WORK TO BE COMPLETED => Start to finish, print the data below exactly, without the images.

RAW DATA =>
########################################

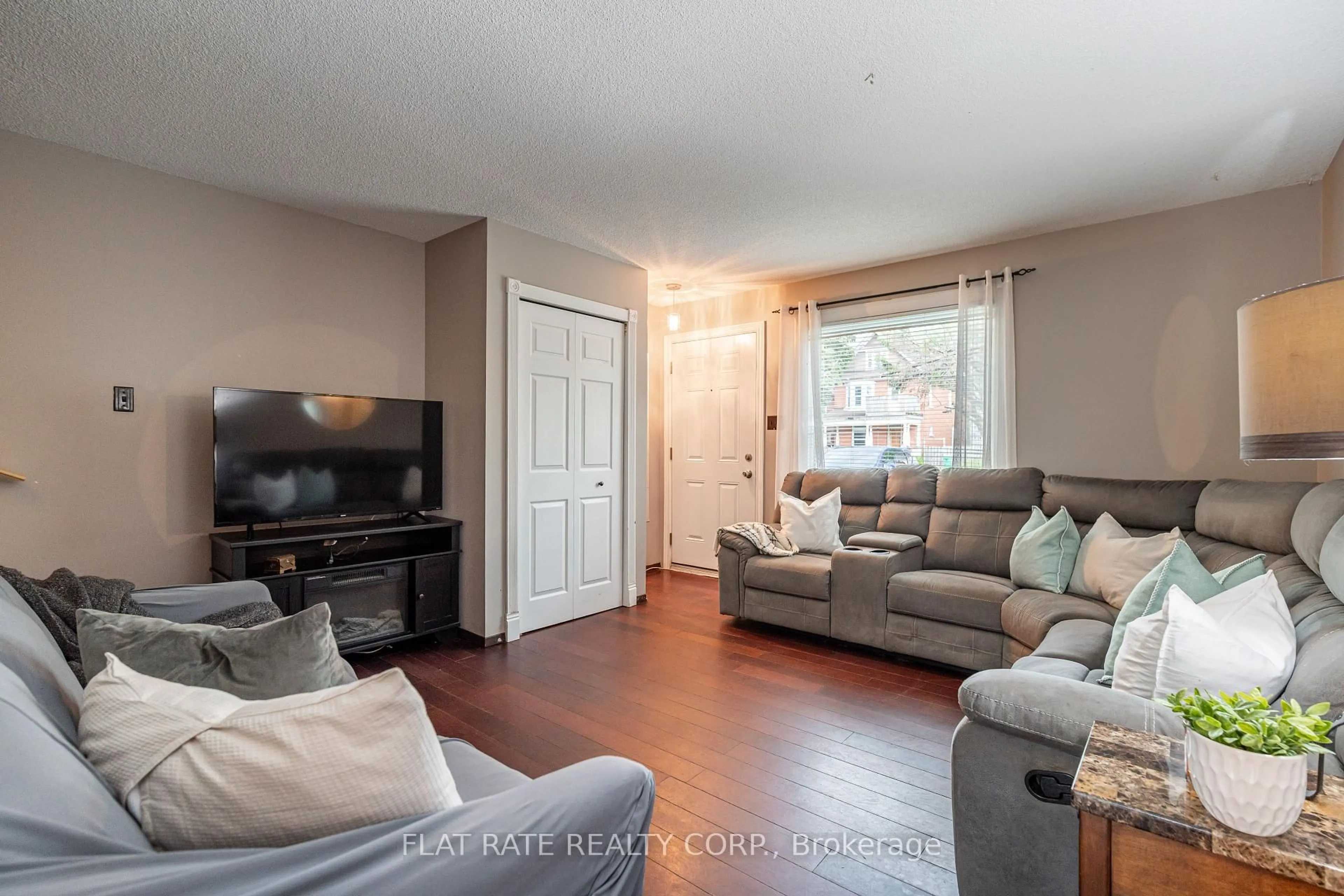 Living room with furniture, unknown for 610 GEORGE St #12, Peterborough Central Ontario K9H 3S6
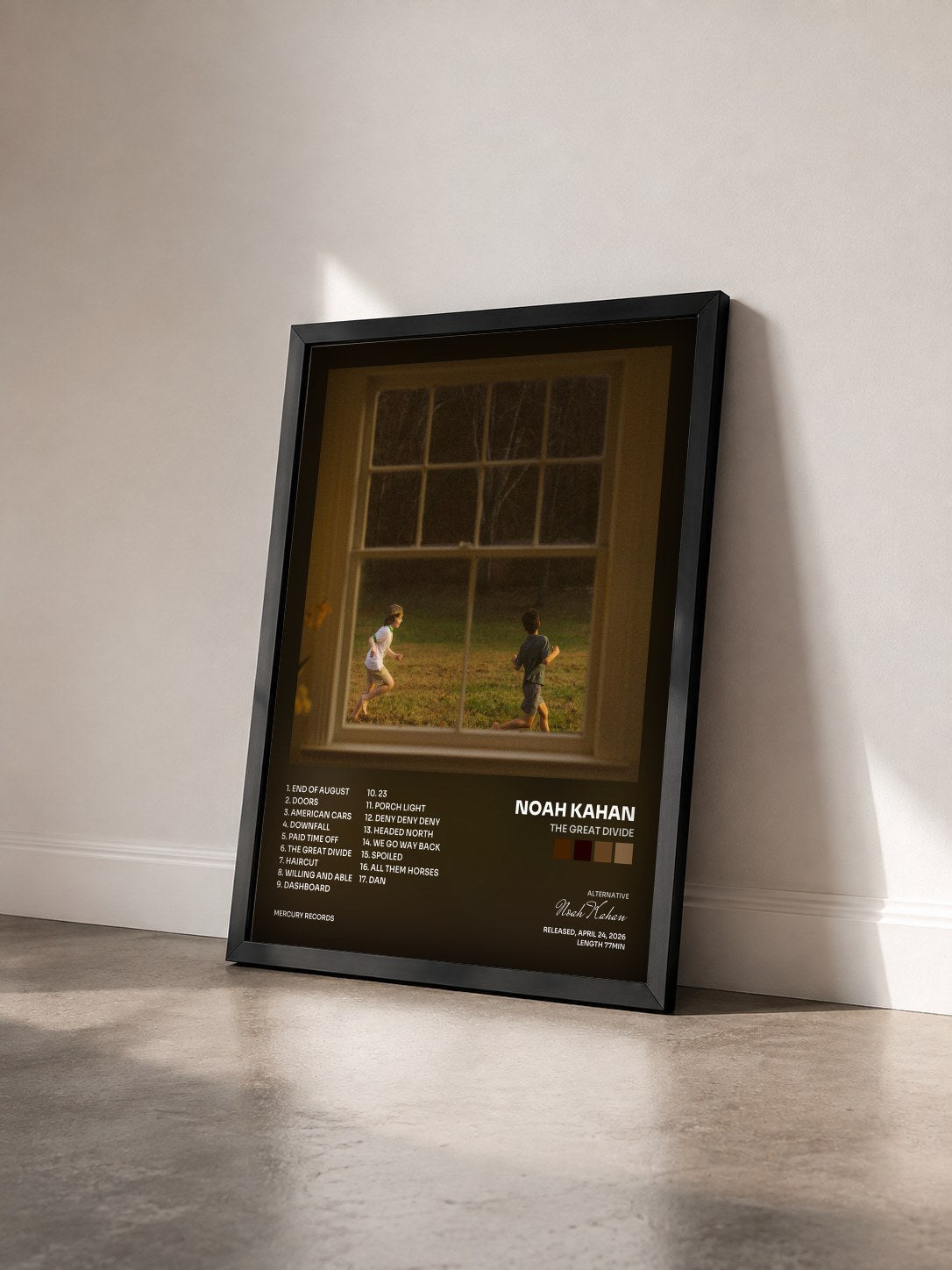 #noir Tableau de l'album The Great Divide de Noah Kahan vu de trois quarts, cadre noir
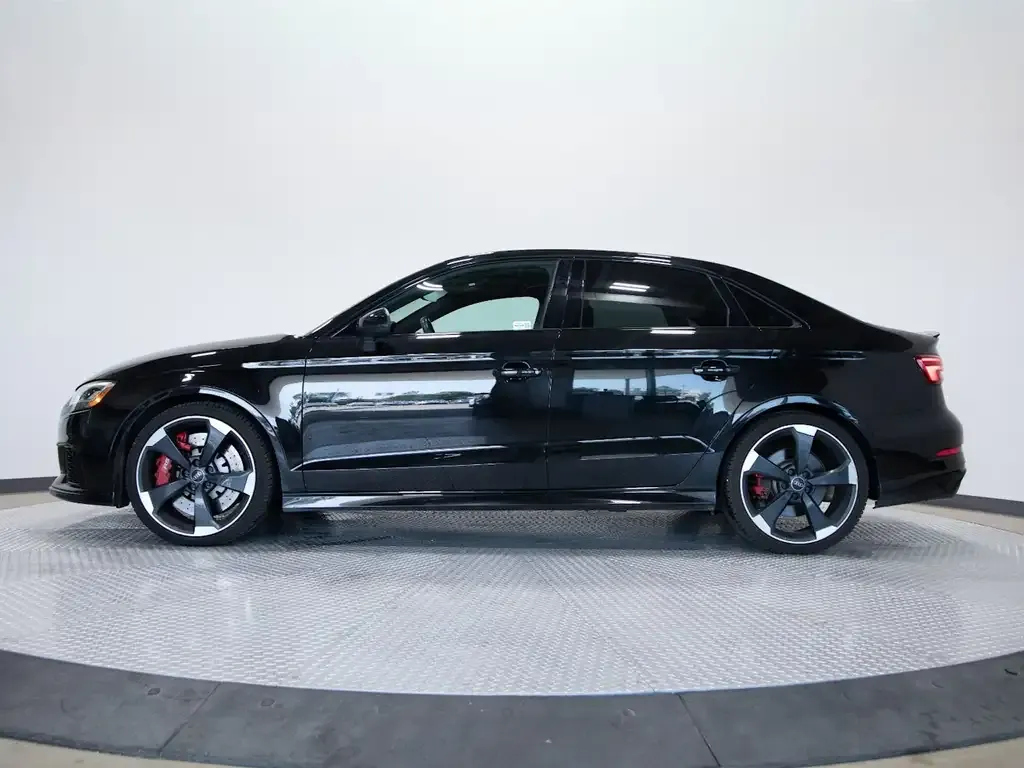 Audi Rs3 2019 photo 2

########################################

THE ANSWER =>
 Living room with furniture, unknown for 610 GEORGE St #12, Peterborough Central Ontario K9H 3S6
 #noir Tableau de l'album The Great Divide de Noah Kahan vu de trois quarts, cadre noir
 Audi Rs3 2019 photo 2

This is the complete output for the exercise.